### Source data
_ _ _ _

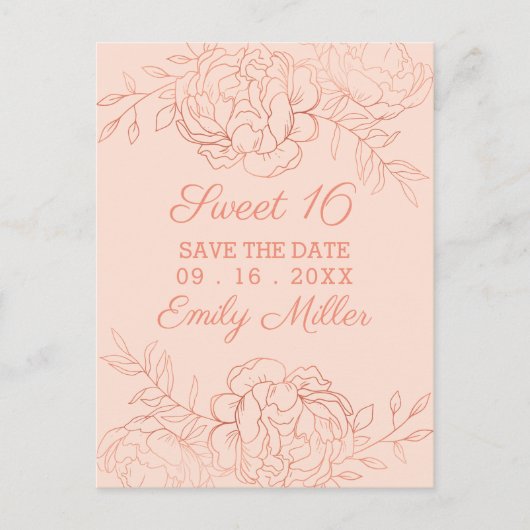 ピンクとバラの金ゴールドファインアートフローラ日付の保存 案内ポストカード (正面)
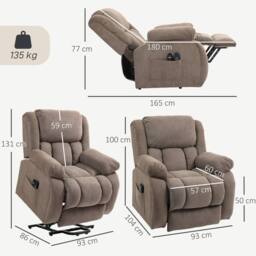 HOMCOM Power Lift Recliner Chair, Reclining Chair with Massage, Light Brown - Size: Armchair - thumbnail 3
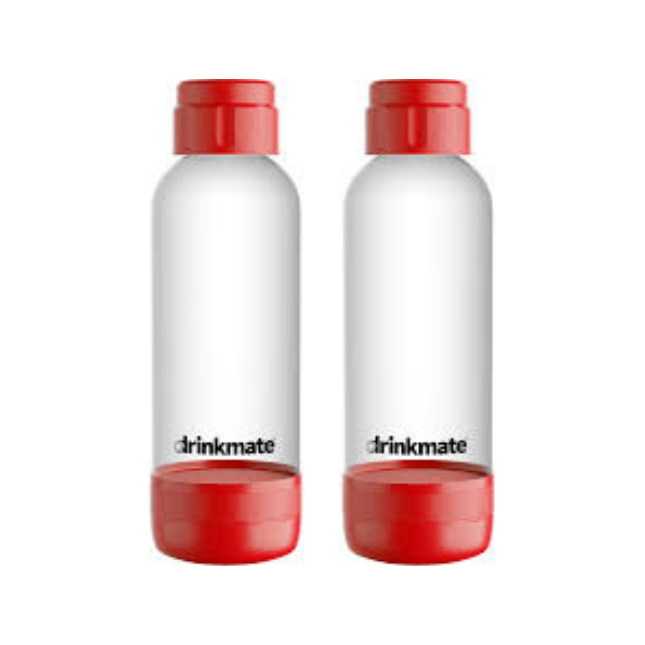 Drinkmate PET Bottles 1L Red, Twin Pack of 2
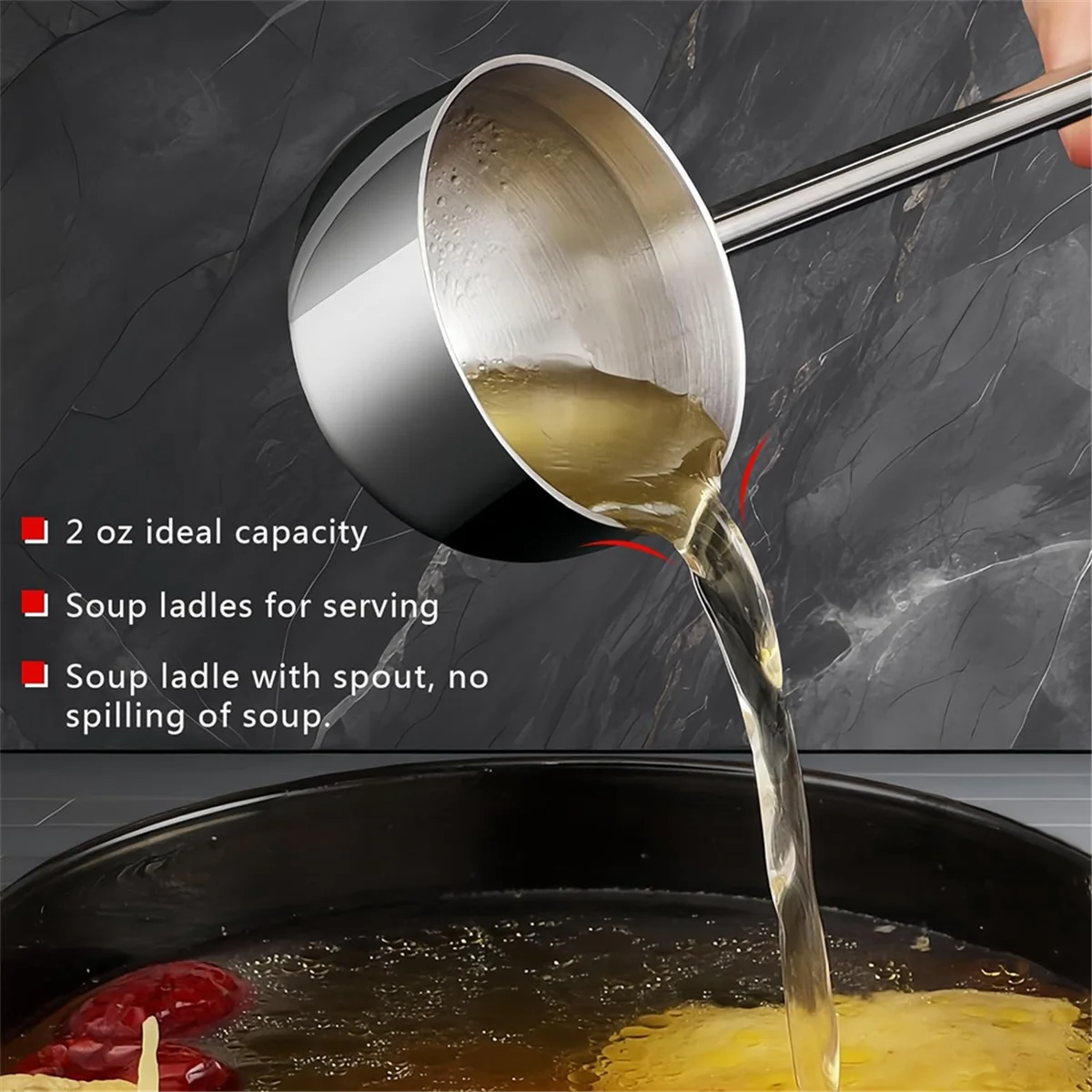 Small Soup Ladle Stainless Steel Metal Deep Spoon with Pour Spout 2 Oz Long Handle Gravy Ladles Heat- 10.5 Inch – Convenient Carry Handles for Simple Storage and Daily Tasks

_ _ _ _

### Action item
The data above must be reproduced exactly, without any of its pictures.

### Solution for this exercise
 ピンクとバラの金ゴールドファインアートフローラ日付の保存 案内ポストカード (正面)
 HOMCOM Power Lift Recliner Chair, Reclining Chair with Massage, Light Brown - Size: Armchair - thumbnail 3
 Drinkmate PET Bottles 1L Red, Twin Pack of 2
 Small Soup Ladle Stainless Steel Metal Deep Spoon with Pour Spout 2 Oz Long Handle Gravy Ladles Heat- 10.5 Inch – Convenient Carry Handles for Simple Storage and Daily Tasks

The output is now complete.